The lord chancellor is fully behind the senior judiciary’s determination not to fill gaps on the bench by lowering standards of recruitment, the lord chief justice said today. Hinting at the ongoing debate over judicial salaries and pensions, Lord Burnett of Maldon said: 'On one thing there is agreement - the bar to appointment will not be lowered.'
Lord Burnett was speaking at the inaugural London International Disputes Week, an event aimed at preserving London's position as a legal centre in the face of competition from new commercial courts in EU states and emerging markets. Noting London's strengths, he paid tribute to the reputation of England and Wales' legal profession and the judiciary - stating three times that his judges are incorruptible - as well as that of the UK courts for impartiality. 'There is no home team advantage to UK litigants,' he said.

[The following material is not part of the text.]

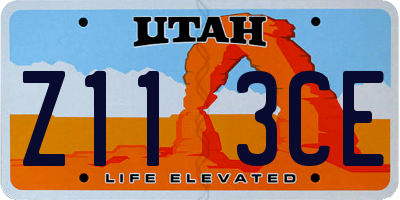 UT license plate Z113CE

England and Wales can also claim to be the best placed jurisdiction in the world in getting to grips with technological revolutions such as artificial intelligence and 'smart contracts' enabled by digital encryption. Echoing a speech last week by Sir Geoffrey Vos, chancellor of High Court, Lord Burnett said that a common law system is able to adjudicate on new developments 'without the constraints of operating within a fixed code'.

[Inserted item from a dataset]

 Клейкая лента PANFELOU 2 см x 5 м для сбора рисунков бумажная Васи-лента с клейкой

London will be in 'pole position' in the world of lawtech and smart contracts, he said. Artificial intelligence 'has the potential to transform the delivery of justice. English law does not shy away from innovation but examines it carefully to see what may be gained from it'.
The judiciary and the courts had already demonstrated a willingness to innovate, he said. 'The way we operate our courts is subject to constant review.' Examples included new procedures in the business and property courts. 'The use of technology in our courts is at last gathering pace,' he said, referring to e-filing, the use of predictive analytics in disclosure, video hearings and the 'evolving' online civil claims court.
Acknowledging international competition, however, he said: 'We must all recognise that we are providing a service and that we operate within an international market for legal services. We are far from unique in being able to offer a first-rate service.'
Earlier Jasmine Whitbread, chief executive of lobby group London First, warned against complacency over London's place in the global legal market in the current uncertain climate. 'At the very point where our competitors are raising their game, Brexit looks like an unnecessary, self-inflicted cock-up,' she said.